On Wednesday July 30 we were honored to have a visit from Professor J. H. Kwabena Nketia, ethnomusicologist. He was so amazed at the level to which the archive has reached and what is now happening to the materials he collected in the 1950s. The first materials to be digitized are from the AWG (Africa-West Africa-Ghana) series that were collected by him.
Professor Nketia talked about his first interviews with indigenous performers, 62 years ago. He made a remark about the fact that he is 93 years old and even when he dies he has something to take with him – knowing that his materials will be put to use.
He said “Now it will be used how it was intended to be used. Not just hidden away in boxes.”
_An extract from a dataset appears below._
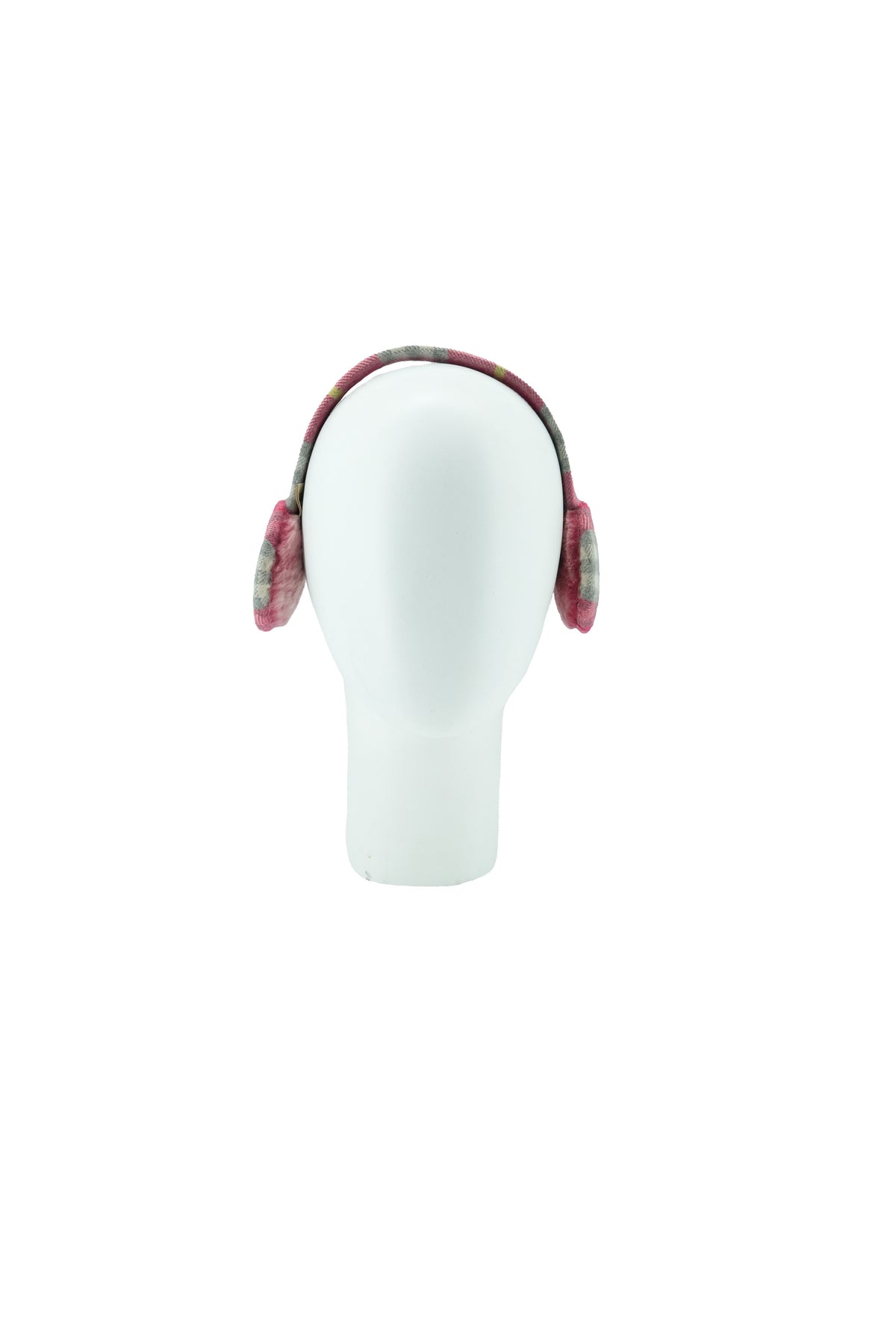 Burberry pink plaid cashmere earmuffs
He talked to us about how the recordings were helpful to bring about reconciliation and a national identity at the end of the colonial period, but stressed that traditional music is useful in the contemporary context.
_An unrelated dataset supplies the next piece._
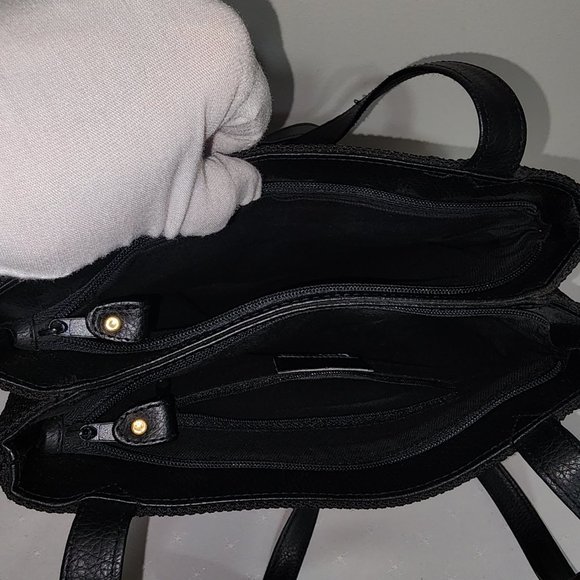 Like New, Vintage Black Fabric Shoulder Purse Bag - Picture 4 of 7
Professor Nketia started out as a research fellow in the Sociology Department at the University of Ghana. He had much support from Dr. Kofi Abrefi A. Busio, the head of the department, who later became the Prime Minister of Ghana. He was given all of the equipment he needed, a driver and a Land Rover, and a technician from the Ghana Broadcasting Corporation.
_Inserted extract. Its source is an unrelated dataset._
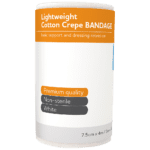 AEROCREPE Light Cotton Crepe Bandage 7.5cm x 4M Wrap/12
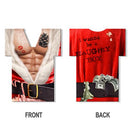 T-Shirt Style Bottle Cooler - Naughty Santa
He praised his assistants who helped him with the field recordings and said they were all often so engaged they forgot to eat. He said the people being recorded were also very excited when they heard themselves for the first time.
Based on this work, in the late 1950s he received a grant from the Rockefeller Foundation to travel to the US and present his recordings at Columbia University, Northwestern University, and the Gilead School of Music. He later was instrumental in the establishment of the Institute of African Studies and the university and became its first African director.